An especially interesting contretemps in economics has been resolved with a trade of sorts that promises gains in two places.
It was just two years ago that Narayana Kocherlakota, president of the Federal Reserve Bank of Minneapolis, fired two researchers and demoted a third, Kei-Mu Yi, head of his research department. He also cancelled visiting arrangements with two prominent University of Chicago economists, Robert Lucas and Nancy Stokey.
All were associated with an esoteric macroeconomic research tradition known as “real,” or technology-driven, business cycle theory that has been pioneered by economists associated with the University of Minnesota and the bank.

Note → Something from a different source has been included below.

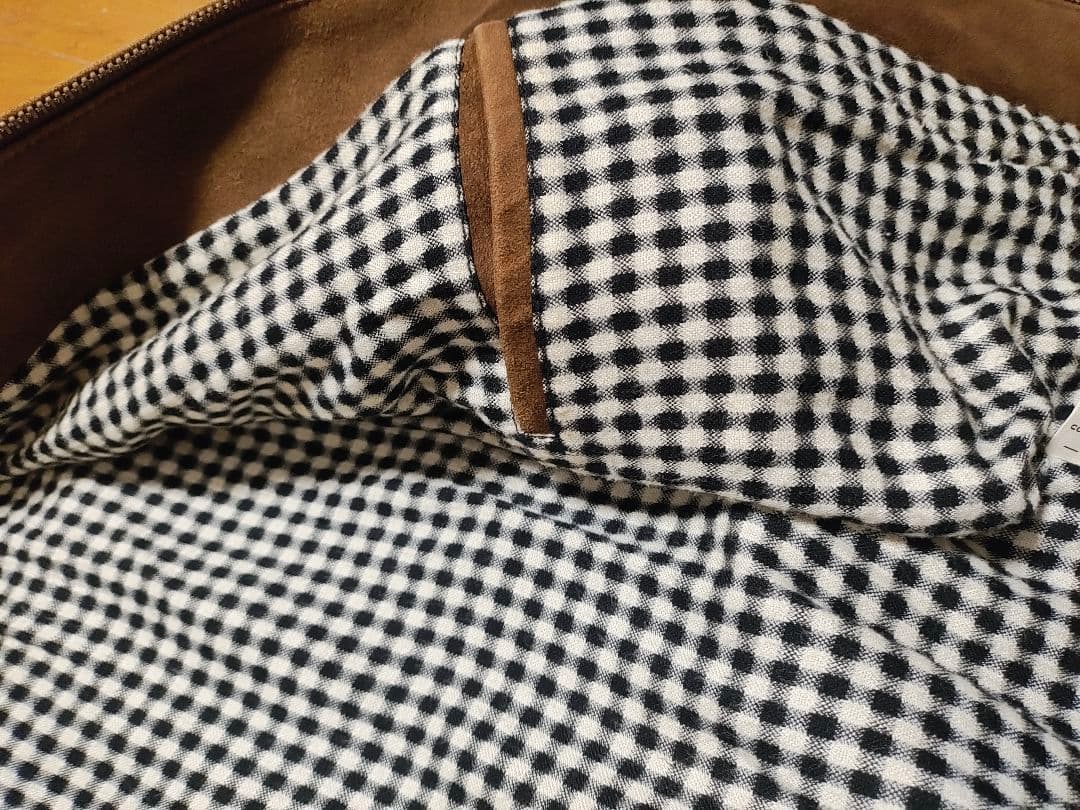 ラディアルELRADIALLスエードジャケットレザーシングルライダースチェック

RBC theory, which holds that business cycles are natural and mostly unavoidable responses to new inventions, is widely thought to have offered little guidance to the financial crisis of 2007-09 and its aftermath.

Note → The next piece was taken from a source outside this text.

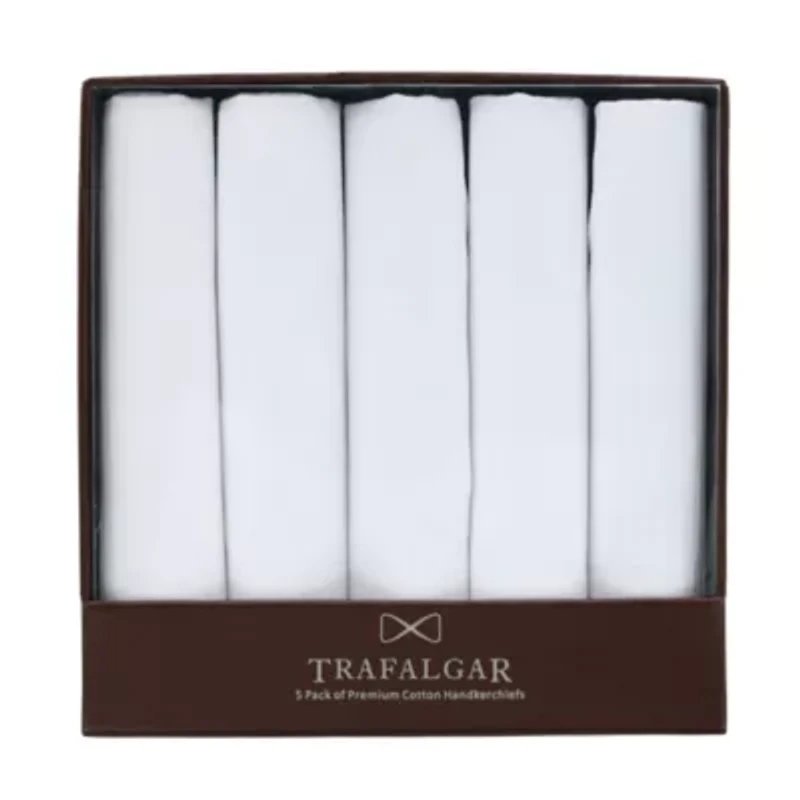 Premium Cotton Handkerchiefs (Box of 5)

Six months after the firings and demotion, Kocherlakota hired back as consultants Patrick Kehoe and Ellen McGrattan, the two who had left (though they had retreated no farther than to the University of Minnesota a mile or so away, where both are professors of economics).
Six months after that, the regional bank’s board appeared to fire Kocherlakota himself – or at least accepted with equanimity his announcement that he would not seek to renew his contract when it expired at the end of 2015.

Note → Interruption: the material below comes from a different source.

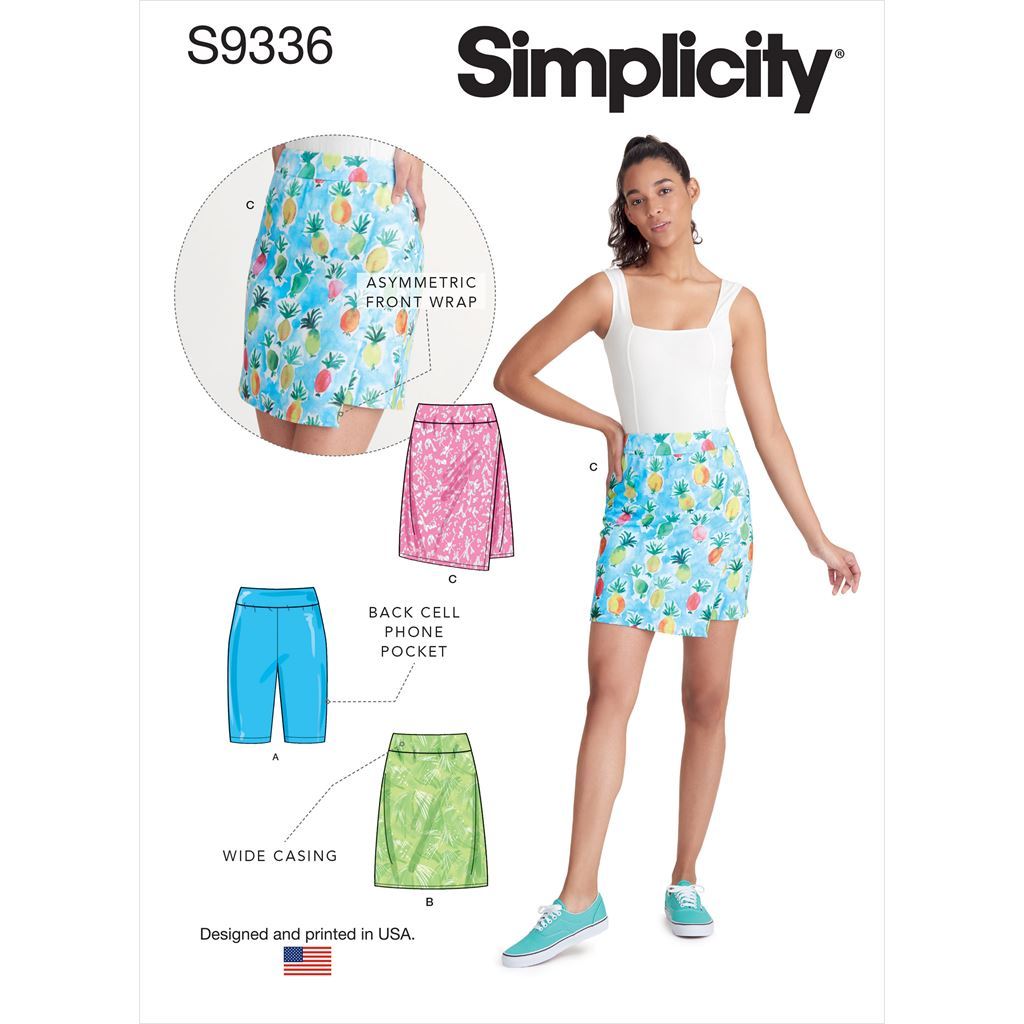 Simplicity Sewing Pattern S9336 Misses Knit Skorts and Shorts 9336 Image 1 From Patternsandplains.com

Last June, the University of Rochester announced that Kocherlakota, 52, would become the first Lionel McKenzie Professor of Economics, in January 2016.
And last week the Minneapolis Fed announced that it had hired Neel Kashkari, 42, as its new president. A onetime aeronautical engineer, Kashkari retooled as a MBA at the Wharton School of the University of Pennsylvania before joining Goldman Sachs in San Francisco as a banker.
He is best known for his time as an aide to Treasury Secretary Henry Paulson during the financial crisis. Assigned in the wake of the forced merger of Bear Sterns in March 2008 to write a “break the glass” plan for use in the event of the failure of another firm, Kashkari produced a memo that, given his boss’s commitment to private efforts to defuse the subprime mortgage problem, turned out to have little relevance until the actual event.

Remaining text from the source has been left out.